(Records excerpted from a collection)

* * *

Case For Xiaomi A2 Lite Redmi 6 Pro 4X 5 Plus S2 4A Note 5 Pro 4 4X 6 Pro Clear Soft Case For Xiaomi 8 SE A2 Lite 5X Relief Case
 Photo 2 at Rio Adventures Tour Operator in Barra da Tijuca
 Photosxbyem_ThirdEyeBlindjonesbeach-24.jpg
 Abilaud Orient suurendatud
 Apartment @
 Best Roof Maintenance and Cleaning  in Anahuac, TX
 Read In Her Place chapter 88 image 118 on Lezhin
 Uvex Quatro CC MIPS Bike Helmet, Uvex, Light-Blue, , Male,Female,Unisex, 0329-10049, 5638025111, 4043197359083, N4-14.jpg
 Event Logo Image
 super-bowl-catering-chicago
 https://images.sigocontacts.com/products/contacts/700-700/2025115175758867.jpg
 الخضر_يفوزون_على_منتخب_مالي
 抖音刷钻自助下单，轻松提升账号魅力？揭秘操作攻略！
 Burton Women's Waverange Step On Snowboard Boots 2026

* * *

Exercise description — Word for word, return the lines from the one holding "抖音刷钻自助下单，轻松提升账号魅力？揭秘操作攻略！" through the end of the entries above.

Response —
 抖音刷钻自助下单，轻松提升账号魅力？揭秘操作攻略！
 Burton Women's Waverange Step On Snowboard Boots 2026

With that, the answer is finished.